Like me, you probably get a persistent stream of bogus email from phishers, carders, scammers and the like. They’re trying to trick you out of your money, your passwords and your digital identity.
That’s hardly unexpected. Scamming is, after all, what scammers do.
But sometimes you’ll get legitimate emails from the crooks.
OK, perhaps legitimate is the wrong word. What I mean is that they are overtly proposing criminality – not with you as the victim, but as a co-perpetrator:
In short, they sometimes use marketing EDMs (electronic direct mails – spam, in the vernacular) just like regular, legitimate companies.
They want your details not to steal from you, but to sell you things so you can steal from others:
They’re happy for you to be anonymous – indeed, it’s paradoxically probably slightly safer for them if they don’t know who you are. They only really need to care whether you’re an undercover cop or a genuine crook.
The terminology speaks largely for itself. Scam pages, bank accounts and credit cards are obvious. The others are common in carder-speak:
|CVV||Card Verification Value: the digits stamped on the back (or sometimes on the front) of your card that are not encoded on the magnetic strip. These are often used in online transactions to “prove” you have the card in your hand, not just a skimmed copy of the magstripe data.|
|SSN+DOB||Social Security Number (the closest thing to a national ID number you get in the USA) and date of birth.|
|FULLZ||Detailed (“full”) database records of personally identifiable information. For any individual, this might include full name, address, telephone number, full bank account details, SSN, DOB, employment details, and more.|
|DUMPS||Copies of the raw data off payment card magnetic strips. Handheld or device-mounted skimmers capture and record dumps directly off the card. Modern malware also sniffs for raw card data in memory. Writing a dump to a blank magstripe creates a clone of the skimmed card.|
|PLASTICS||Blank plastic cards for writing dumps onto. They may be plain, if they don’t have to pass human inspection (for example in an ATM). Or they may be counterfeits of cards in circulation, with varying degrees of quality and verisimilitude.|
That’s really all you need to know. Unless you genuinely intend to become a criminal, keep clear of this stuff. Don’t sign up and play around with the Baddies just to see what happens. It’s tempting, but not a good idea.
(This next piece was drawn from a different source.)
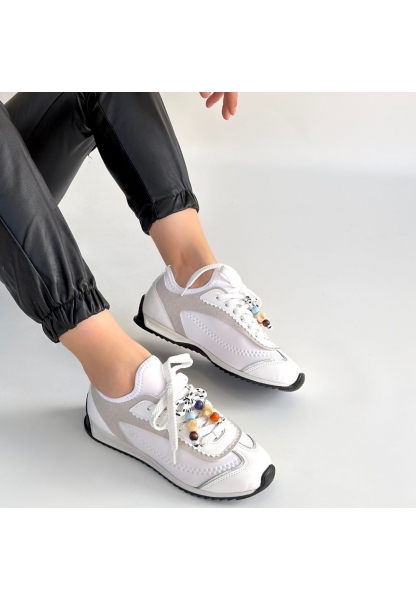 Riaf Beyaz Cilt Bağcıklı Spor Ayakkabı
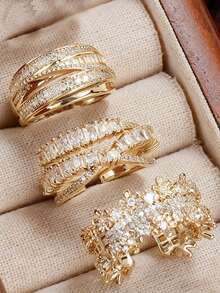 1pc/3pcs/5pcs Luxury Geometric Cubic Zirconia Gold Adjustable Rings Sets,Unique Versatile For Daily Wear,Engagement/Wedding Banquets,Anniversary Gift - Yellow Gold - View 13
It’s hard to keep perfectly anonymous online (whatever the legislators who are baying for yet more internet surveillance regulations might say). And if you aren’t as anonymous as you think, you might well end up on the radar screens of both the crooks and the cops.
As Mr Miyagi, of Karate Kid fame, pointed out, “Best way to avoid punch – no be there.”
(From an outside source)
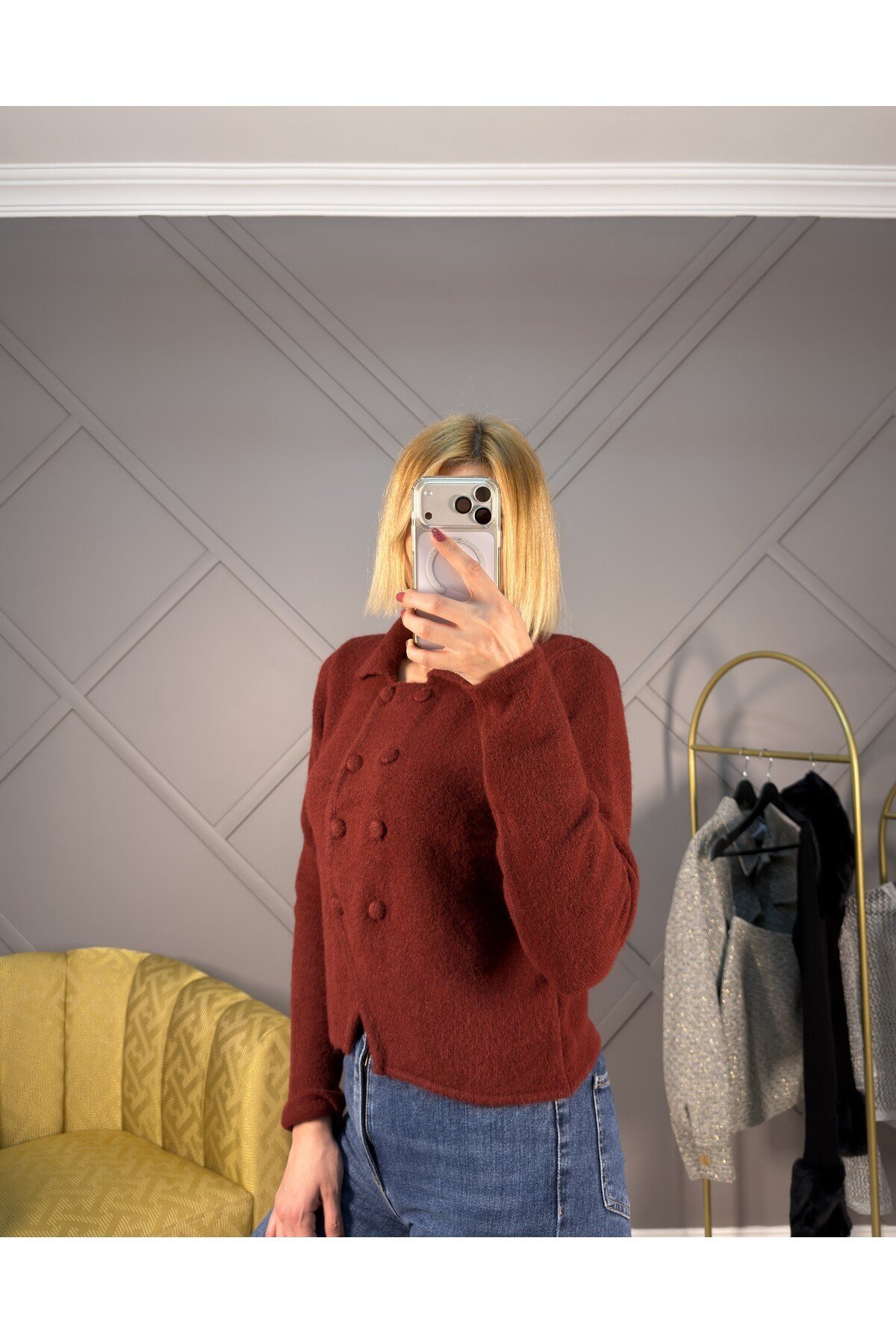 Bordo Cool Düğme Şık Polo Yaka Triko Hırka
5 comments on “Credit card fraud – want to join the party?”
Good article. Informative with a lack of moral highground.
Agree, good article. But in the EU we use CSC instead of CVV. Also in the UK we don't have a 'social security number, instead we have a National Insurance Number (NI number). We don't have a National ID number, as yet! I believe many mainland European countries do have a national ID scheme.
You'll need to extrapolate (is that the right word here?) to non-US regions.
For SSN read "whatever is the closest thing to an ID number you have in your country". For CVV there are many synonyms – CSC, CVD, CVC and various permutations of "validation", "security", "card" and "code".
This was a very informative piece well done to the writer, and like the writer says avoid at all cost, you don't want to get into trouble because of my curiosity.
You should get lots of new readers now – with the headline 'Credit card fraud – want to join the party?' A space to put your email address and a button that says 'Do It!' right underneath… Made me chuckle; brilliant article though Paul – well done.